ANGUS Robertson has called on Theresa May to adopt an “ethical foreign policy" and follow Americas’s lead by cutting arms sales to Saudi Arabia.

The SNP leader at Westminster said that Britain had sold £3.3 billion of arms to Saudi Arabia since its bombing campaign began in Yemen; some of them were made in Scotland.

During Prime Minister’s Questions, he told Mrs May: "The US Government has just said, and I quote, ‘systematic endemic problems in Saudi Arabia's targeting drove the US decision to halt a future weapon sale involving precision guided munitions’.

"The Saudis have UK-supplied precision guided Paveway IV missiles; they're made in Scotland. The UK has licensed £3.3bn worth of arms to Saudi Arabia since the beginning of the bombing campaign. What will it take for the UK to adopt an ethical foreign policy when it comes to Yemen?"

The PM stressed that the intervention in Yemen was UN-backed. "As I have said previously, where there are allegations of breaches of international humanitarian law, then we require those to be properly investigated.

"We do have a relationship with Saudi Arabia; the security of the Gulf is important to us.
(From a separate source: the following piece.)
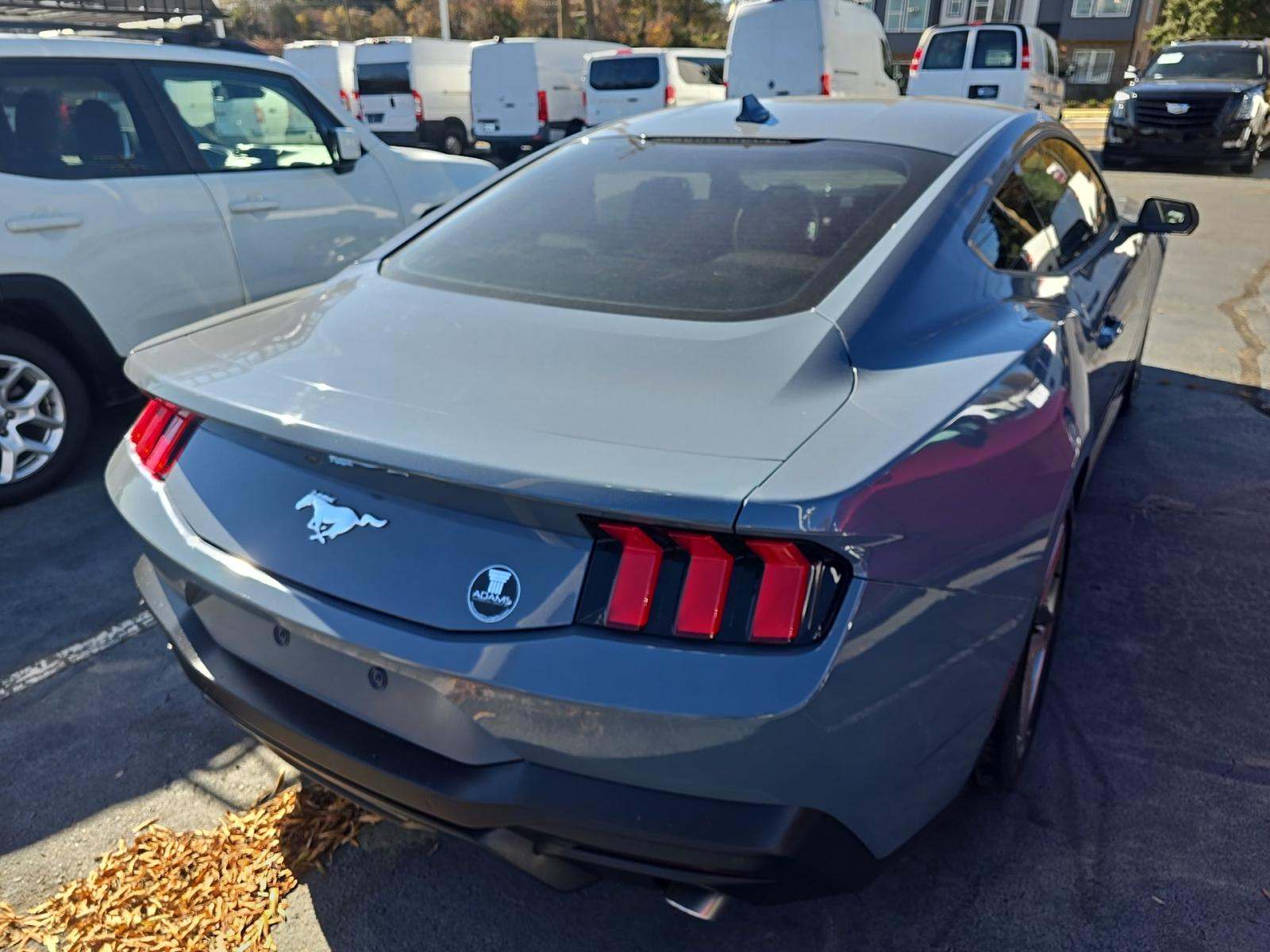 2024 Ford Mustang EcoBoost RWD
"I would simply also remind him that actually, Saudi intelligence, the counter-terrorism links we have with Saudi Arabia, the intelligence we get from Saudi Arabia, has saved potentially hundreds of lives here in the UK," she noted.
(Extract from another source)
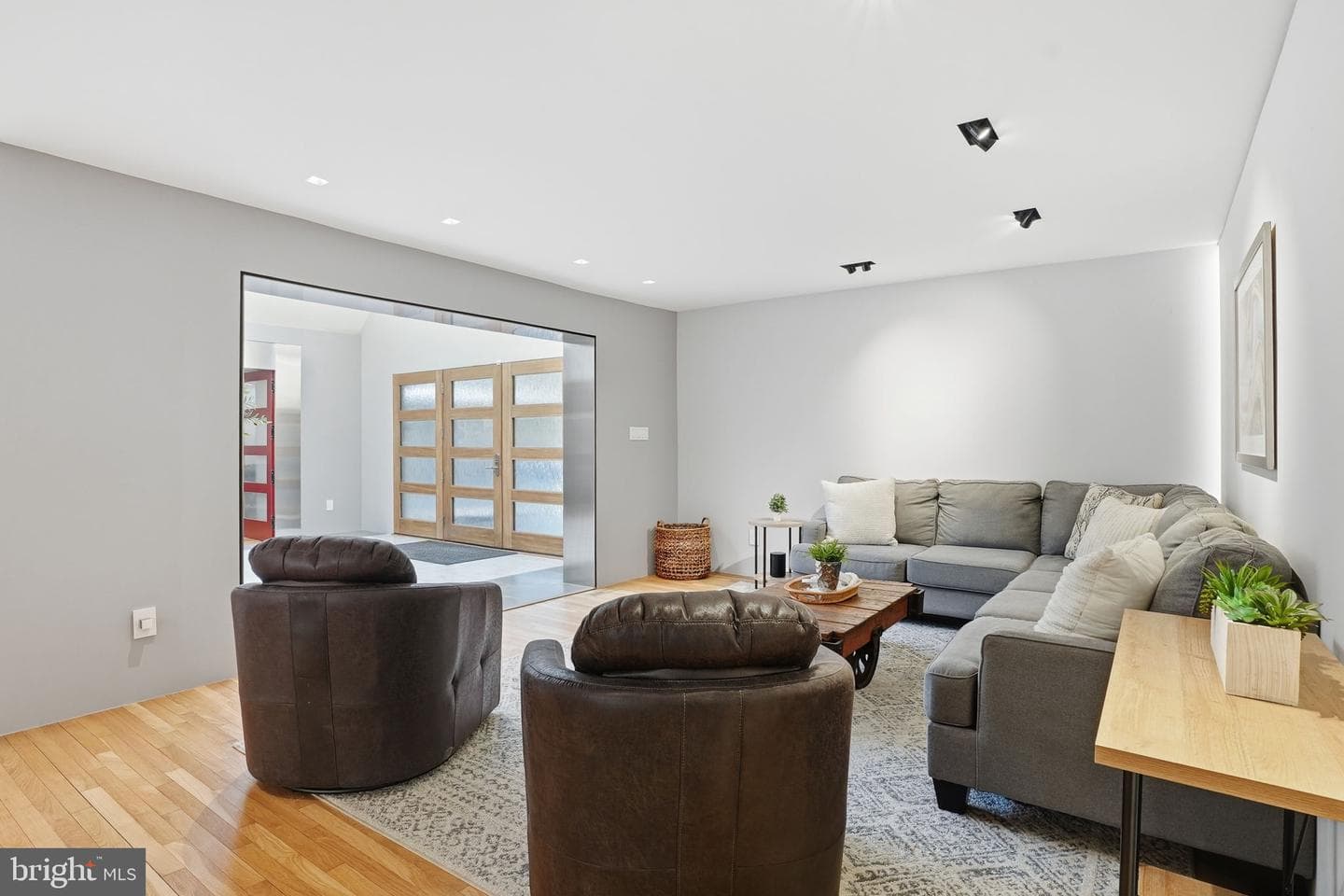 15130 Springfield Road photo 18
Earlier, Mrs May had pointed out how Britain had a very strict regime of export licences, explaining: “We exercise that very carefully and in recent years we have indeed refused export licences in relation to arms, including to Yemen and Saudi Arabia.”

After PMQs, Mr Robertson claimed the decision by Washington to halt arm sales was a “huge embarrassment” for the UK, which was now lagging behind.

"The SNP has long campaigned for the UK Government to halt arms sales to Saudia Arabia; the issue has been raised 60 times by SNP MPs…across 25 debates.

"The atrocities in Yemen are of devastating proportions and it begs the question of what needs to happen for the UK Government to finally take a stand and stop selling arms to a country accused of killing civilians," he added.

Elsewhere, Kate Allen, the director of Amnesty International UK, said: "It's really shocking that Theresa May is still burying her head in the sand over the UK's responsibility to suspend arms sales to Saudi Arabia, given the clear risk that UK weapons could be used to commit breaches of international humanitarian law in Yemen.”

Thousands of Yemeni civilians had already been killed and injured by the Saudi-led coalition's reckless and indiscriminate bombing of homes, hospitals, schools and factories.

"Earlier this year, we revealed how the Saudi coalition had been using British-made cluster bombs in their attacks near Yemeni villages and farms in the north of the country.

"With the USA now suspending exports of precision-guided weapons to Saudi Arabia, the UK is being exposed as an utterly hardline, conscience-free arms exporter.

"We've said it before but we need to keep saying this - the UK should immediately suspend all further weapons sales to Saudi Arabia that risk fuelling further atrocities in Yemen, before it brings further disgrace upon itself over its part in this brutal war," she added.

Prime Minister Abdulaziz bin Habto, who leads the rebel Houthi government in Yemen, has accused the UK of war crimes after reported discoveries of British-made weapons in bombed parts of the country.

The Foreign Office said it was aware of reports of an alleged airstrike on a school using UK-supplied weapons and was seeking further information.

"The UK Government takes all allegations of international humanitarian law violations very seriously. We will analyse this allegation in the usual way,” said a spokesman.

Saudi Arabia has denied causing large-scale civilian deaths, saying it is making every effort to avoid hitting civilian targets.

Thousands of people have been killed in the civil war with nearly three million displaced since it began in 2014.